Your goal:
Using the material below, print the line that contains "Luchtfoto van de", the line that contains "Open Floor plan, large", and every line in between, exactly and nothing else.

═══ The data ═══

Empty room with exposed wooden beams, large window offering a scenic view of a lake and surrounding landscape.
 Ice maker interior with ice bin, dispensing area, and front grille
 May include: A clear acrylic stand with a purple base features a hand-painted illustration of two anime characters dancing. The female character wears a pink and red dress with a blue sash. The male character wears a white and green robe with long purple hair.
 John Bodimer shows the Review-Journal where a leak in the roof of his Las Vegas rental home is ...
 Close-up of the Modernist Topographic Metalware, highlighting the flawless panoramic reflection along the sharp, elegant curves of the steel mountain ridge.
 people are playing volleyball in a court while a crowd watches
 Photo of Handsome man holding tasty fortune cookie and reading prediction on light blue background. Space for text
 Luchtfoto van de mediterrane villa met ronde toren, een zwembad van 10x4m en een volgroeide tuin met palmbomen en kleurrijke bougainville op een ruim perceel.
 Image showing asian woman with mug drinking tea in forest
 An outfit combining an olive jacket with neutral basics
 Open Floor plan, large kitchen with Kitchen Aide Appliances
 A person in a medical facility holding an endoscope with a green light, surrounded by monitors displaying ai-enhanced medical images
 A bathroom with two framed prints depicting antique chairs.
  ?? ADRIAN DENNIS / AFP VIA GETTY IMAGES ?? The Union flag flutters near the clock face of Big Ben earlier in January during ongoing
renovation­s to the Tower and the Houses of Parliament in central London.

═══

Written solution:
 Luchtfoto van de mediterrane villa met ronde toren, een zwembad van 10x4m en een volgroeide tuin met palmbomen en kleurrijke bougainville op een ruim perceel.
 Image showing asian woman with mug drinking tea in forest
 An outfit combining an olive jacket with neutral basics
 Open Floor plan, large kitchen with Kitchen Aide Appliances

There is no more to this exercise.